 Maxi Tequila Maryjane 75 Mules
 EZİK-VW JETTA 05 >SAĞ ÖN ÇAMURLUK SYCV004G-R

____

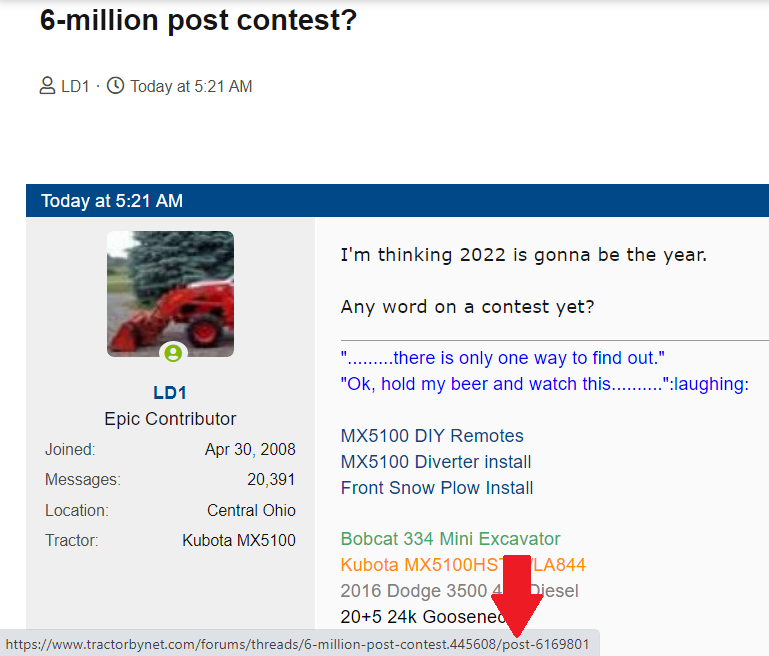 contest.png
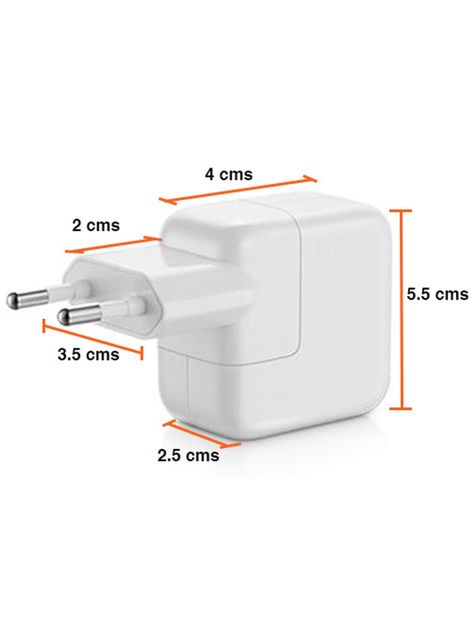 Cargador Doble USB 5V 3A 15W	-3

____

EXERCISE REQUIREMENTS: Everything from the line with "Maxi Tequila Maryjane 75 Mules" through the line with "EZİK-VW JETTA 05 >SAĞ ÖN ÇAMURLUK SYCV004G-R" in the listing above must be retyped exactly, with nothing added.

EXERCISE RESPONSE:
 Maxi Tequila Maryjane 75 Mules
 EZİK-VW JETTA 05 >SAĞ ÖN ÇAMURLUK SYCV004G-R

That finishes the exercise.